Aaron Hernandez had his whole life ahead of him. He was a 27-year-old professional football player for the New England Patriots, and he helped his team win the Super Bowl LI championship. He was at the height of his career, but he was in the pits behind the scenes. In 2015, the tight end was tried and convicted of first-degree murder, which meant that he killed his victim on purpose. "Hernandez was sentenced to life in prison without the possibility of parole for the murder of Odin L. Lloyd, who was dating the sister of Hernandez's fiancée, Shayanna Jenkins," an article from The New York Times states. He murdered Lloyd because the man was being friendly with his enemies.
Hernandez's motive was supposedly driven by rage, but his temper had been a problem from the start.
Before his rise to stardom, the young professional had grown up "in a tough neighborhood in Bristol, Conn." He found his outlet within the sports realm, but trouble followed him throughout the years. When he was playing in college, for example, he was involved in physical altercations and drug usage. However, he still had a shot at fame and fortune, and the NFL took a chance on the talented athlete. He rarely got a chance to shine.
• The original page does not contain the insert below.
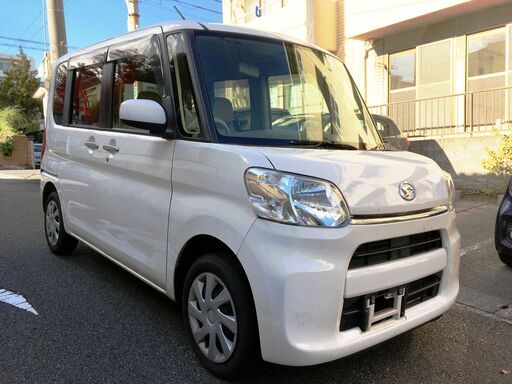 平成26年式 ダイハツ タント L LA600S 白 修復歴なし 純正ナビ＆地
Not only was he accused of killing Lloyd, he was also acquitted of a fatal "drive-by shooting just last Friday." The judge and jury rendered a much different verdict for his involvement with Lloyd's death, though. After his trial, he was sentenced to one of America's dangerous correctional facilities: The Souza-Baranowski Correctional Center.
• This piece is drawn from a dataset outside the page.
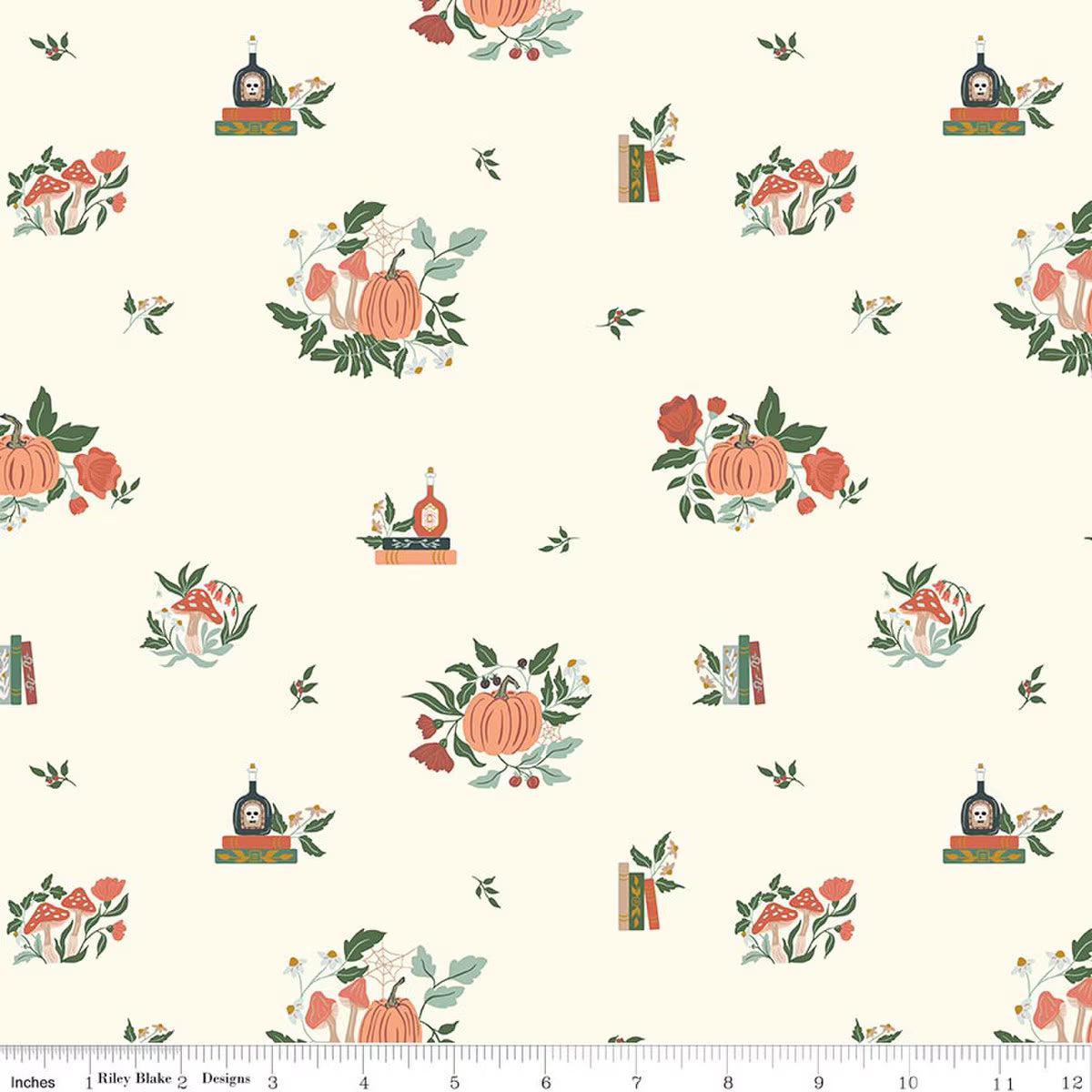 Riley Blake - The Apothecary - Botanicals (Cream)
He was later found in his cell hanging from the ceiling.
People were in disbelief, especially his loved ones. His friend, who goes by the Twitter handle Brian Murphy, believed Hernandez died of anything but suicide. "Absolutely no chance he took his own life. Chico was not a saint, but my family and I loved him and he would never take his own life," he tweets. Regardless of the autopsy report, Hernandez passed away a long time ago.
Absolutely no chance he took his own life. Chico was not a saint, but my family and I loved him and he would never take his own life.— Brian Murphy (@A1Murph) April 19, 2017
May the families and friends of the deceased find their peace.